Thu, September 12 2013

Rocking the Case Study

Allison McGuire's avatar

Marketing Associate, Network for Good

Filed under:   Marketing essentials •

I’m a huge fan of case studies. They’re an incredible tool to showcase your nonprofit’s work, demonstrate social proof, and gain more supporters. Jay Baer’s Youtility explains the power of case studies in greater detail, but here are a few ways you can use this approach to support your fundraising and marketing efforts:

1) Get testimonials. Tell the story of why people support your organization. Ask questions such as:

Why are you passionate about this issue?
When did you start learning about this issue?
Why do you choose to support our organization?

By gathering this information, you’ll not only have endorsements for your cause, but you can also use responses to inform your marketing and donor recruitment strategies.

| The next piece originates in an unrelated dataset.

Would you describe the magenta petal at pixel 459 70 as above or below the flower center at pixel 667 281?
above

2) Document how you spent money. Did you dedicate a large portion of funds to operational expenses? Why? What impact did it have? Once you explain that to donors, they’ll better understand how you fulfill your mission, and why it’s important to have operational expenses. Every penny of your budget doesn’t have to go to on-the-ground work, but you do have to demonstrate how operations are vital to ensuring the services you provide are making a positive change.

3) Survey those you help. Ask your constituency how they’ve found your services. Do they see your nonprofit as a vital member of their community? Would they be able to get where they are without you?

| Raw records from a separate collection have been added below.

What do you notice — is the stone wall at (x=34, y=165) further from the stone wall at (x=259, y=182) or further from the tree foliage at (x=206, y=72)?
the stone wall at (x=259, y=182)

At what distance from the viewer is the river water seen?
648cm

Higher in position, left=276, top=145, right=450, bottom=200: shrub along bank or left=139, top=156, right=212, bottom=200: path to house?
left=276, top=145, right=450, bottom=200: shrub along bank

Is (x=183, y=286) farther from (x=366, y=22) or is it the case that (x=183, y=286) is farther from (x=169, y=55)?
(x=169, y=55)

If those answers affirm your work, ask respondents if you can use a quote in your case study. Most will be happy to help.  In some cases, if you provide them with links and social media messages, they’ll share the study with their network, too. If the answers bring up questions or poke holes in your work, pay attention to that. That’s a great opportunity to take feedback and turn it into something positive.

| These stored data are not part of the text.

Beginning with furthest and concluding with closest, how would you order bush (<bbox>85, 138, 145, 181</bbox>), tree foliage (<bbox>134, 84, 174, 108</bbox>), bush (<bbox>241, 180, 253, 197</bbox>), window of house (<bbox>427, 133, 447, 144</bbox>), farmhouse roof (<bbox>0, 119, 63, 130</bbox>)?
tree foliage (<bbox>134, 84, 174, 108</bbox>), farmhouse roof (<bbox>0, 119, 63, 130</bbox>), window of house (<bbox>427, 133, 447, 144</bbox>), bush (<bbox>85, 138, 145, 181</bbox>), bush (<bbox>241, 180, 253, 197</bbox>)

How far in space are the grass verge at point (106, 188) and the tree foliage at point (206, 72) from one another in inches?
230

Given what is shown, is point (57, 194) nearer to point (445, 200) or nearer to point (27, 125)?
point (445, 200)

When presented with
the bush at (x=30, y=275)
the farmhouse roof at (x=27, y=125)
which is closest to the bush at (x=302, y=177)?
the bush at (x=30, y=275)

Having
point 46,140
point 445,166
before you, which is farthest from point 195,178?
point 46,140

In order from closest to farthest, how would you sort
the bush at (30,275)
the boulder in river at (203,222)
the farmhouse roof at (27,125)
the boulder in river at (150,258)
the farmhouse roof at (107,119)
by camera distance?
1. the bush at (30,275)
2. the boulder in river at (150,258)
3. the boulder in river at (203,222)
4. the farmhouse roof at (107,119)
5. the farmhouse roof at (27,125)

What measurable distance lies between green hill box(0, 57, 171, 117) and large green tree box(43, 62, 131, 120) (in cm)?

Have you created a case study before? What were the results? How did you share it with supporters?


  • Comment: (5)   


Case studies can also be used internally, especially in larger organizations where staff are spread across the nation or globe. For example, if staff in one city created a new strategy to recruit a particular segment, then a case study could be written and shared. I’ve created a few. I try to keep them short (3.5 pages is my longest) as staff are usually time-challenged.

Posted by Glenn  on  09/12  at  10:27 AM

case study is all BOUT The interested queries about any issue.

Posted by gaurav tiwari  on  09/12  at  10:50 AM

Absolutely agree. There is no better way to demonstrate your capabilities and professionalism than to illustrate it with a case study. Some companies can be precious about sharing their work history via case studies and nervous that competitors will access them for their own reference. However, this is a rare occurrence and the marketing benefits of case studies out weigh these concerns.

Posted by Sydney Fleming-Gale  on  09/16  at  08:44 AM

I’ve created a case Study recently following your guideline to get more donors for my friend’s association in Jakarta and it really helped. Thanks a lot for this article.

Posted by Antoine  on  09/19  at  03:37 AM

Glenn, Guarav, Sydney, and Antoine,

Thanks so much for your feedback! Please feel free to share links to your case studies too. We can all learn from your experience.